I am using glue job. Glue job reads the input as manifest file which has JSON datafiles in it. After reading it to the dataframe we apply some kind of processing/trasnformations and then Glue job writes the data to a different S3 location in Parquet format. But the datatype of the parquet file columns is getting mapped to object and not string.
This is the code I tried:
df = df.withColumn("my_column", col("my_column").cast("string"))
And I am using below code to write it on s3
write_to_s3 = GLUE_CONTEXT.write_dynamic_frame.from_options(
frame=transformed_with_contracts,
connection_type='s3',
format='parquet',
connection_options={
'path': f's3://{destination_s3_bucket}/{destination_s3_path}'
},
format_options={},
transformation_ctx='write_to_s3',
)
Datatype of the parquet file columns is getting mapped to object and not string, which is not expected. Any ideas?

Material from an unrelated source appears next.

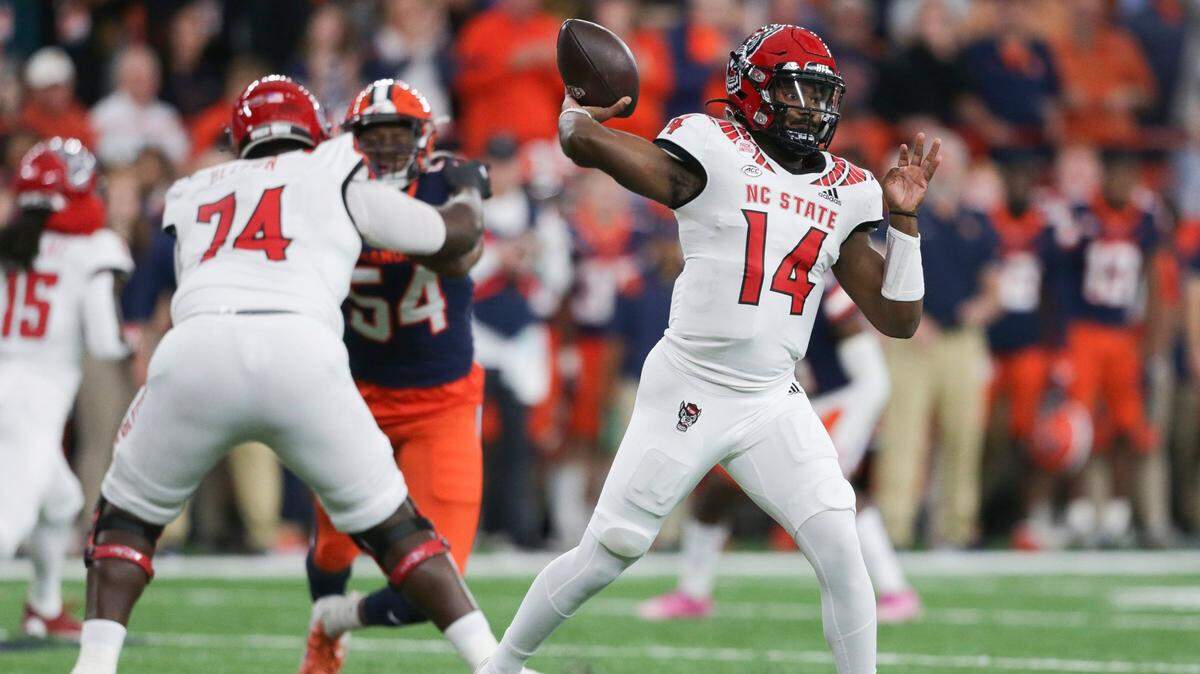 North Carolina State quarterback Jack Chambers (14) throws a pass during the first half of an NCAA college football game against Syracuse on Saturday, Oct. 15, 2022, in Syracuse, N.Y. (AP Photo/Joshua Bessex)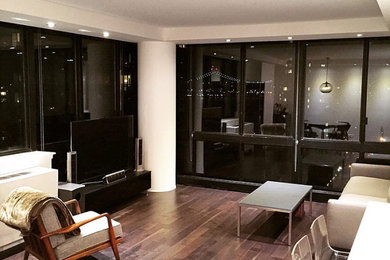 Example of a mid-sized trendy open concept dark wood floor and brown floor living room design in New York with white walls, no fireplace and a tv stand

From the above comments I can conclude that the issue is not with the Glue job, it is writing the parquet files as expected
In Pandas, since strings data types have variable length, it is by default stored as object dtype. Please see the below workaround
Tested it with awswrangler module, which treats the column as string rather than object.
import awswrangler as wr
df = wr.s3.read_parquet(path="s3://<bucket>/<path>/<file>.parquet")
df.to_parquet("s3://<bucket>/path>/<file>.parquet")
df.info()
Try using this instead!